/spam_classifier

This is a Natural Language Processing model for SMS Spam Classification.

Primary LanguageJupyter Notebook

SMS Spam Classifer

The aim of this model is to classify this incoming SMS as either "spam" or "ham" (legitimate message).

The following are the techniques that are used in the model:

1] Data Preprocessing:

  • Text Cleaning: Removing irrelevant symbols like punctuation, extra spaces, and emojis.
  • Normalization: Converting all text to lowercase for case-insensitive analysis.
  • Lemmatization: Reducing words to their base form (e.g., "winning" becomes "win"). This helps capture the meaning regardless of tense or conjugation.

2] Feature Engineering: This transforms the cleaned message text into numerical features that a machine learning model can understand. Here we used the following techniques:

  • Count Vectorizer (Bag of Words): This method creates a vocabulary of unique words encountered in the training data. Each message is then represented as a vector where each element indicates the frequency of a corresponding word in the message.
  • TF-IDF Vectorizer: It considers not just word frequency but also how common a word is across all messages. Words that are very frequent overall (e.g., "the", "a") get lower weightage, while words specific to spam messages get a higher TF-IDF score, leading to a more informative representation.
  • Word Cloud: Counting the occurrences of each word in the message. Words frequently appearing in spam (e.g., "FREE", "WIN") get higher weightage.

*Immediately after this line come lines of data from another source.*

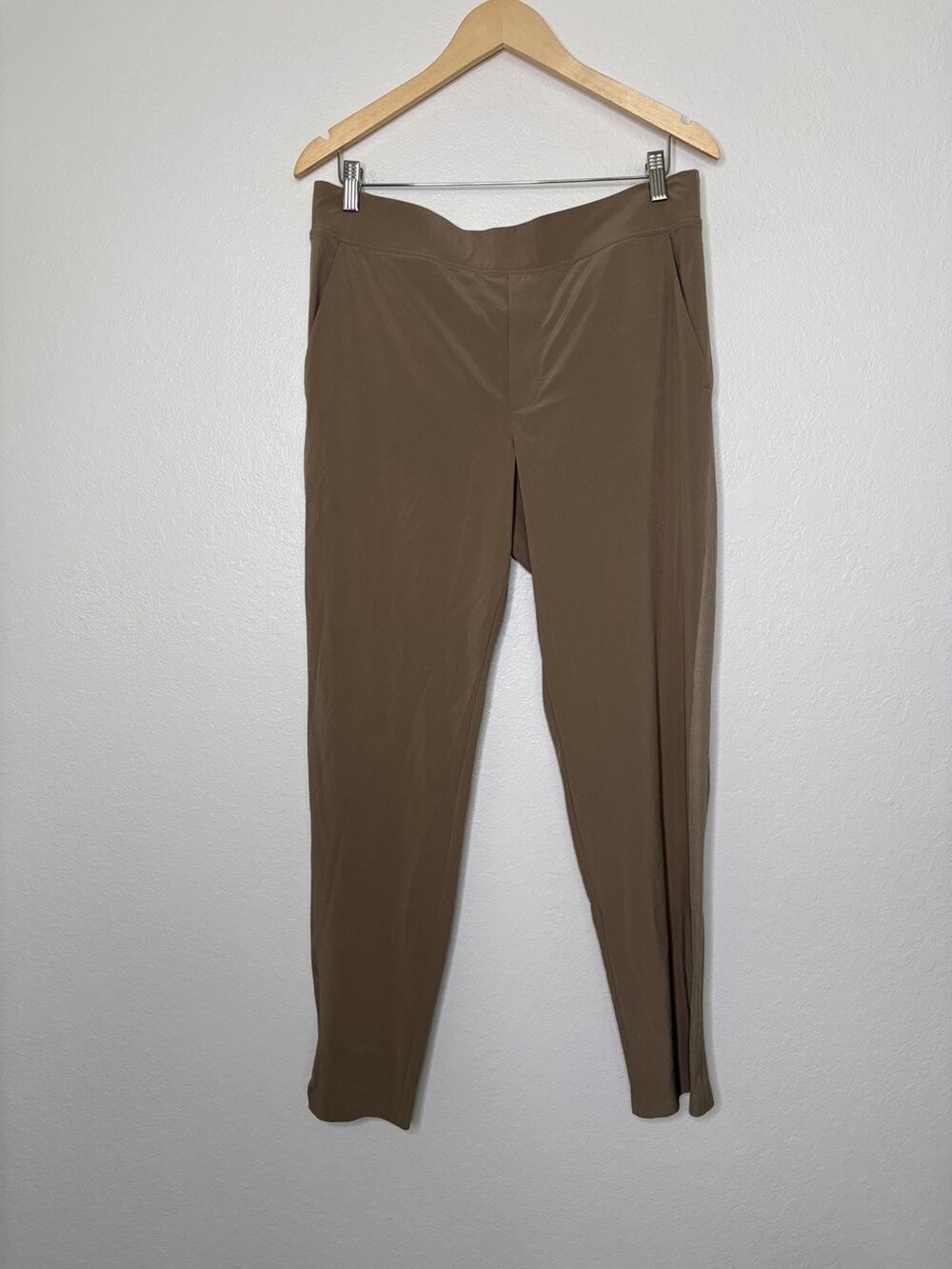 Athleta Brooklyn Ankle Pant Tan Size 12 T Athleisure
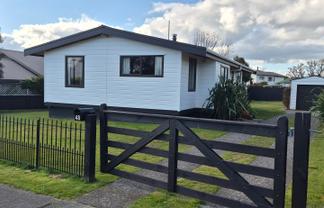 48 Grace Crescent, Waipahihi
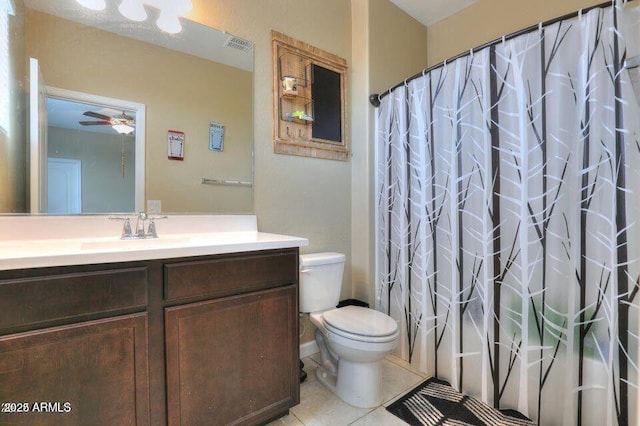 18309 N Crestview Ln, Maricopa, AZ 85138 - bathroom featuring toilet, vanity, tile patterned flooring, a ceiling fan, and curtained shower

3] Machine Learning Model: Here we utilized two pre-trained machine learning models specifically designed for text classification. This model has been trained on a dataset of labeled SMS messages (spam and ham) and can recognize patterns that differentiate between the two categories.

  • Naive Bayes: A popular algorithm for spam filtering due to its efficiency and effectiveness in classifying text based on word probabilities.
  • Support Vector Machines (SVM): Powerful for handling high-dimensional data created from features like word frequency. It also achieves more accuracy.

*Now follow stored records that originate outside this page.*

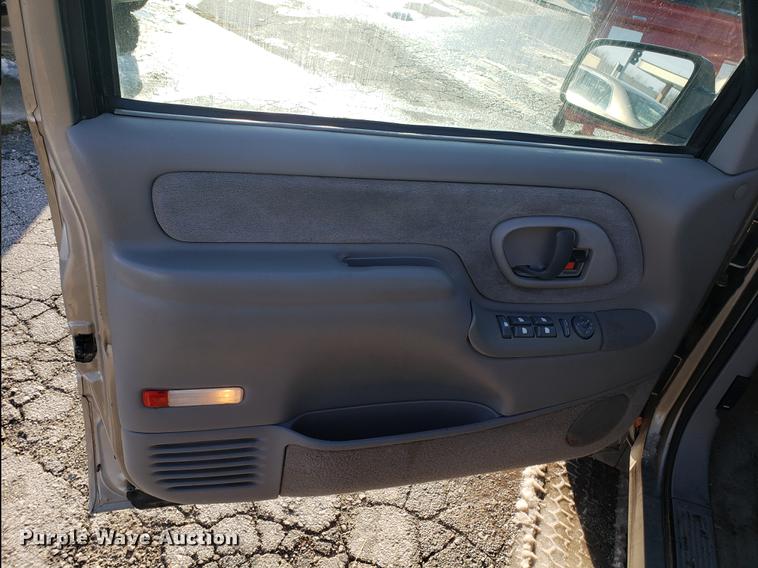 image for item DB9487 1999 GMC Sierra 2500 Crew Cab pickup truck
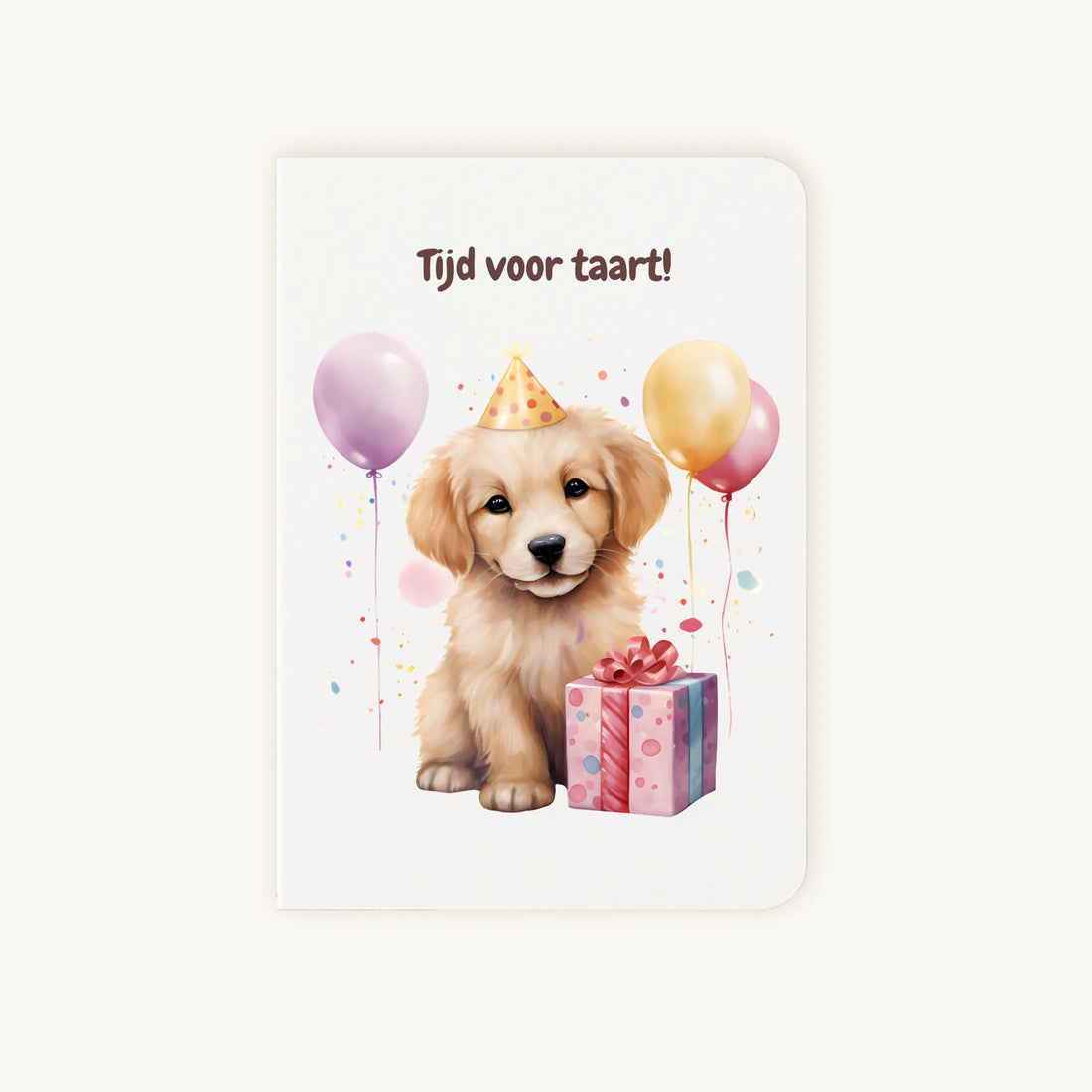 Staande dubbelgevouwen verjaardagskaart met schattige puppy met feesthoedje, kleurrijke ballonnen en cadeau, met tekst Tijd voor taart, flatlay op lichte achtergrond.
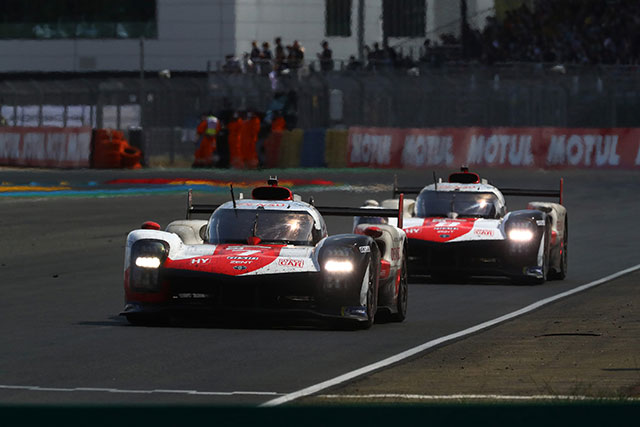 24-h-du-Mans-double-Toyota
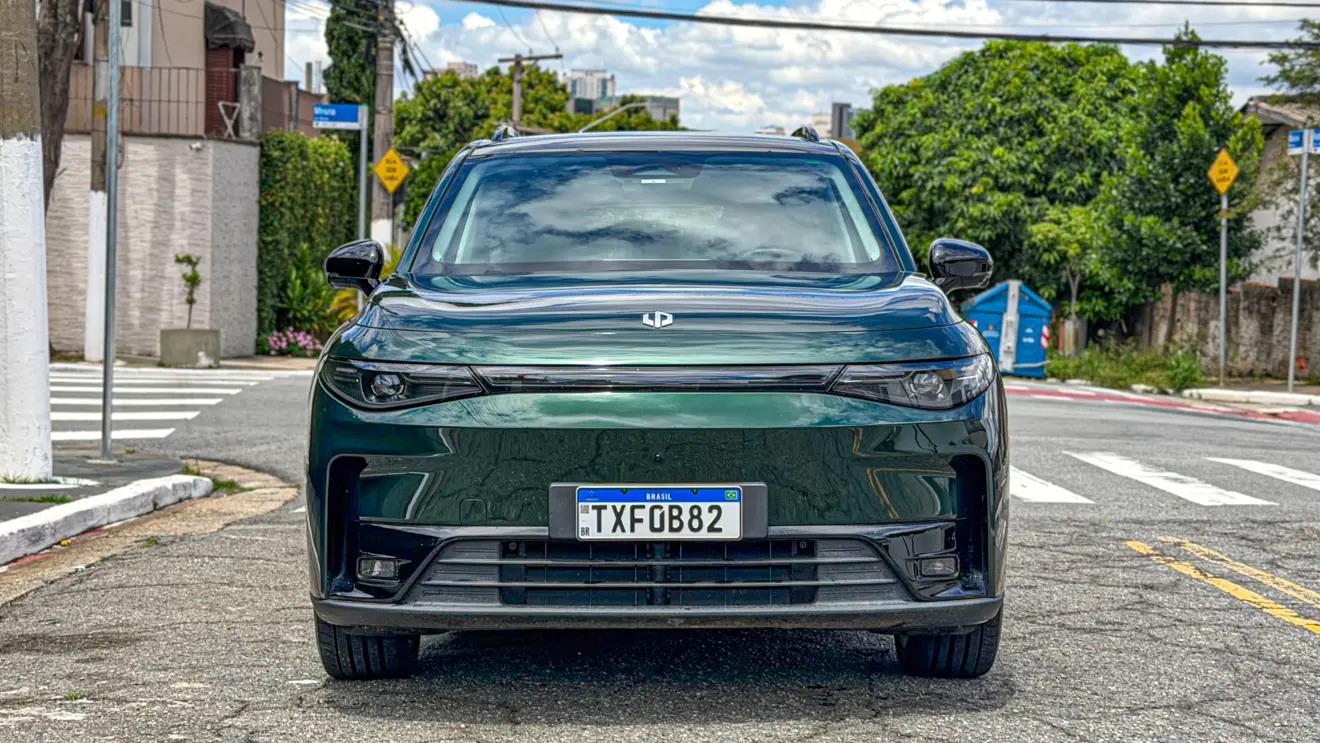 Leapmotor C10 BEV estático na cor verde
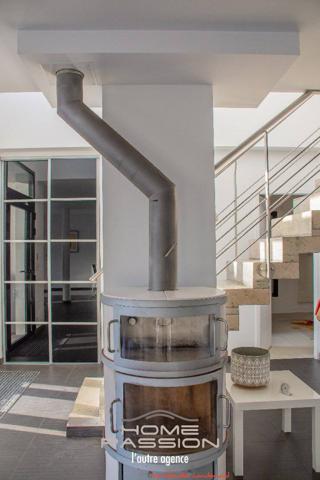 ST PALAIS/MER - VILLA AUX LIGNES CONTEMPORAINES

4] Model Evaluation: Here we create comfusion matrix and use the classification report function to evaluate oour model using Accuracy, Recall and F1 scores.

5] Making Predictions: In this model we gave unknown input text and the model predicts if it is a spam message or a ham message(legitimate)

Thus this model can help protect from unwanted promotional messages, phishing attempts, or other malicious content.